A new project we are trying to get going here at the newly re-christened California Traffic Management Labs is an information portal that documents everything related to transportation modeling. While this is really great work for us academics, it presents some interesting problems. On the one hand, it is simple. All we have to do is write down everything we collectively know about all the relevant papers, research, programs, and practice, and then put hyperlinks on everything, and we’re done.
I did this sort of thing once before. A while ago I developed a system I called Academic. Academic was a bunch of perl and mysql running on top of slashcode…yes the same code running slashdot, circa 2003. It died because a hard drive crashed, slashcode is a nightmare, my database schema was too inflexible, and I found a leech was logging into the system and poaching my work (I naively expected people would contribute as much as they took away, but there is no GPL for research synthesis). In short, I never once considered actually unzipping that code, but having done a project once you have a feel for how to do it better the second time around.

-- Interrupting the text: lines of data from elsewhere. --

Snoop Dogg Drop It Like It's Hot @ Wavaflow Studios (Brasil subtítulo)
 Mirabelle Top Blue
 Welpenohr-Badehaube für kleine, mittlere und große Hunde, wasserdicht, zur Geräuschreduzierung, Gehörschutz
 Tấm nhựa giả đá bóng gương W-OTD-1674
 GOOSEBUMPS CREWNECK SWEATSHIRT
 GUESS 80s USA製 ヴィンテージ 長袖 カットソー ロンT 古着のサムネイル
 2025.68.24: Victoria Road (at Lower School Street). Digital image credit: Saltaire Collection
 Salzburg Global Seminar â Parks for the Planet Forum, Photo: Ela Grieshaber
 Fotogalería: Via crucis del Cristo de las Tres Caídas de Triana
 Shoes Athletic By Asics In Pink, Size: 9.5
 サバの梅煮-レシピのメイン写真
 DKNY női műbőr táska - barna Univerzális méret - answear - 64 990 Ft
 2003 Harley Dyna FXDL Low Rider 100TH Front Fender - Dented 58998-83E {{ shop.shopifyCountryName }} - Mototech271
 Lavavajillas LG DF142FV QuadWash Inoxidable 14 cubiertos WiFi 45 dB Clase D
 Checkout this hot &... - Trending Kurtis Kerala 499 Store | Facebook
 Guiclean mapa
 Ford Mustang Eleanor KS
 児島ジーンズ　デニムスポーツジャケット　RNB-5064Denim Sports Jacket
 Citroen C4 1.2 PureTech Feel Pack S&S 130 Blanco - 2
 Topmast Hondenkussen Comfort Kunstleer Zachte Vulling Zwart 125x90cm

So the details of how to load up academic references and how to physically links files and topics and tags is something I know how to do. (I actually have a new version running on top of CouchDB). The central problem is not the web site design or the database backend, but how to organize knowledge. We’re making a library of sorts, but by removing the physical limits of bookshelves and rooms, we can conceivable have everything just a click away from everything else. But too many things to click on a page is about as enlightening as showing a blank page. We need the system to enforce some discipline on the information content so that relationships actually mean something.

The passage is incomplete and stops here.